J’ai moi-même voyagé sur le truck à plateau pour me rendre à la Croix-Rousse, c’était vraiment canant.

Mais savez-vous combien il y eut de ficelles à Lyon? Et bien il y en eut jusqu’à 5.

Dans l'ordre chronologique, nous avons :

1–La ficelle de la rue Terme pour la Croix-Rousse, (la première) de 1862 à 1967. Longueur 489 mètres, aujourd’hui voie routière.

2–La ficelle de St Jean pour St Just, (2e ligne construite) de 1878 encore en activité. Longueur 821 mètres raccourcie aux deux extrémités à 783 mètres en1988.

3–La ficelle de la place Croix-Pâquet pour la Croix-Rousse, (3e ligne construite) de 1891 à 1972. Longueur 474 mètres. Constituent maintenant une partie de la ligne C du métro. Le 21 juin 1943, Jean Moulin emprunta cette même ligne pour se rendre à Caluire où il sera arrêté.

4–La ficelle de St Jean pour Fourvière, (4e ligne construite) de 1900 encore en activité. Longueur 431 mètres raccourcis une première fois à 427 m puis une seconde fois à 421 mètres.

5–La ficelle de St Paul pour Fourvière et Loyasse. Avec une mention particulière.

Car elle était surnommée « La Ficelle des Morts ».

(5e et dernière ligne construite) de 1900 à 1937. Longueur 514 mètres (funiculaire) + 910 mètres (tramway).

C’est aussi celle qui aura connu le destin le plus court, avec seulement 37 ans d’existence.

▬ Il faut comprendre que pour enterrer un défunt, au récent à l’époque, cimetière de Loyasse, il n’y avait d’autre solution que d’être transporté par calèche hippomobile (tirée par des chevaux) que l’on nomma plus tard corbillard. Puis gravir la colline du bas des pentes jusqu’au haut de Fourvière. Opération difficile, malcommode, délicate par mauvais temps, que gravir les pentes escarpées et boueuses, rudes pour les bêtes.

•Lorsque le projet voit le jour, il est présenté comme solution idéale de créer une ligne de funiculaire, destinée en principal au transport des cercueils jusqu’au cimetière.
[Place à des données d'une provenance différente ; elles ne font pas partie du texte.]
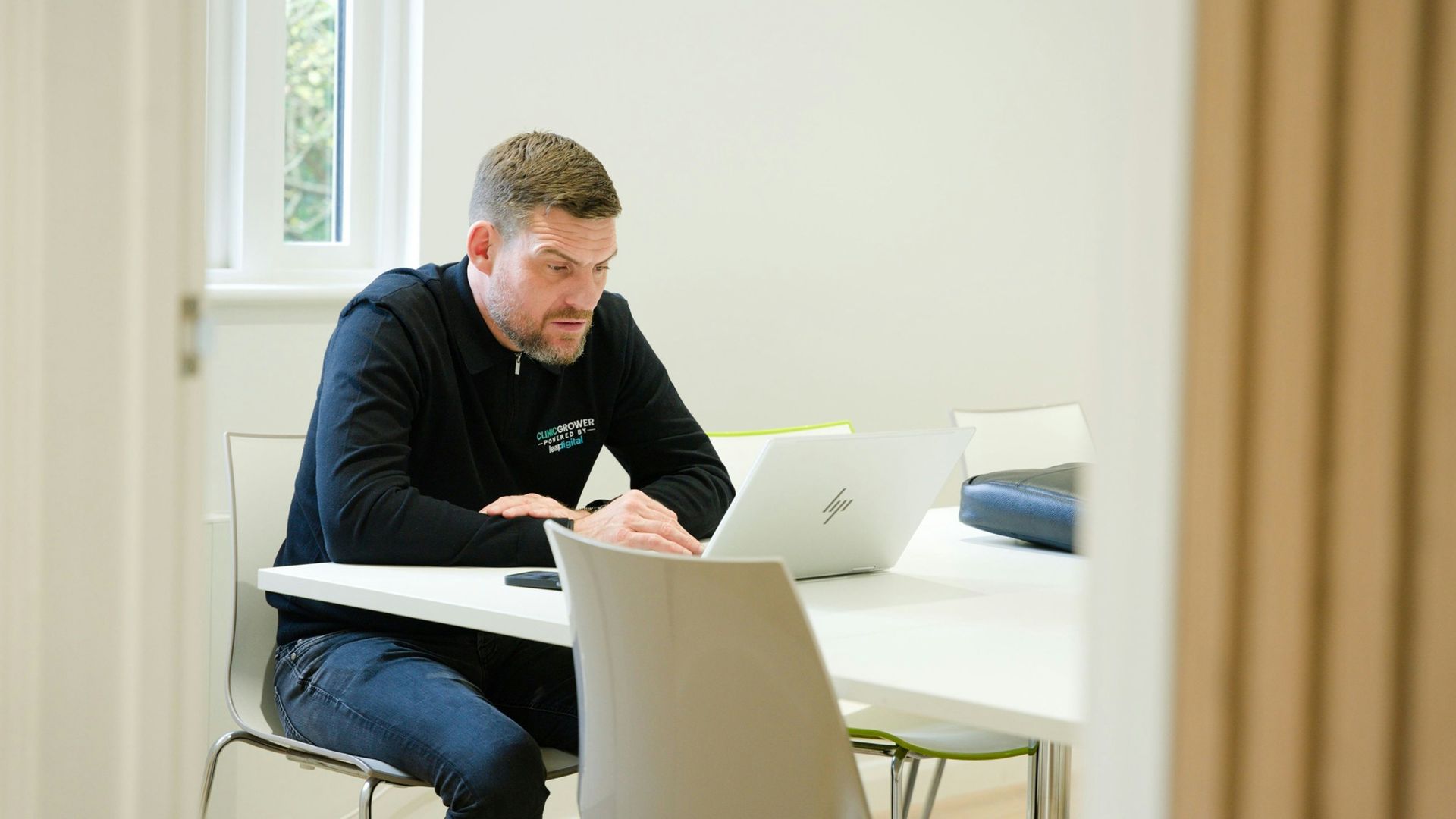 Man working on laptop at a white table.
Mais également ouvert au public.

•Cette ligne ne posera pas de problèmes, rapportera de l'argent, transportera les morts jusqu’à leur dernière demeure. Sur le papier, c'est parfait !

Dans l’enthousiasme, dès 1896, la construction du funiculaire et d’une ligne de tramway-relais, qui complétait le trajet depuis le terminus de la ficelle (aujourd’hui point de départ du «parc des hauteurs»), jusqu’au cimetière de Loyasse, est déclarée d’utilité publique.
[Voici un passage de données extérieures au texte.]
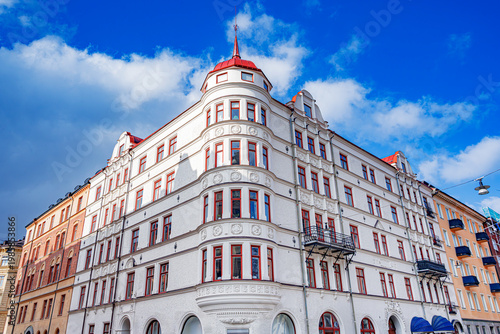 Photography Beautiful white neoclassical apartment building featuring a rounded corner tower with a red roof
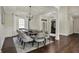 Elegant dining room featuring a large table, stylish chairs, and modern lighting fixtures at 14565 Geist Ridge Dr, Fishers, IN 46040
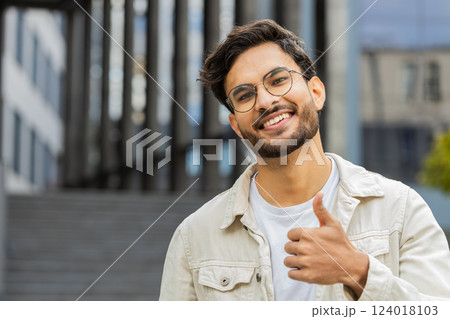 Happy Indian man show thumbs up like sign positive something good positive feedback in city street Happy Indian man show thumbs up like sign positive something good positive feedback in city street 124018103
La construction qui s'annonçait pourtant comme difficile, n'a pas freiné le projet, et le 31 octobre 1900 sont inaugurés simultanément la ficelle et le tram-relais jusqu’au dépôt de La Sarra.

▬ La gare de départ (ou gare inférieure) se situait à quelque pas à gauche de la gare Saint-Paul, à l’angle de la rue Juiverie et du bas de la Montée Saint-Barthélemy, (photos 1 et 2) au fond de la cour d’un immeuble faisant l’angle.

Pendant que l’on fixait le cercueil sur la plateforme du truck, les familles, amis et croquemorts montaient dans les cabines.

Arrivé à la gare haute de Fourvière, le tramway muni également d’un truck à plateau peint en noir, prenait le relais. On transférait le mort de quai à quai. Les familles changeaient de cabines, et s’entassaient debout dans la motrice. Ainsi le mort suivait le cortège, au lieu de le précéder, jusqu’au cimetière de Loyasse.

▬ Dès le début de l’exploitation elle prit rapidement son surnom de ‘’ficelle de morts’’.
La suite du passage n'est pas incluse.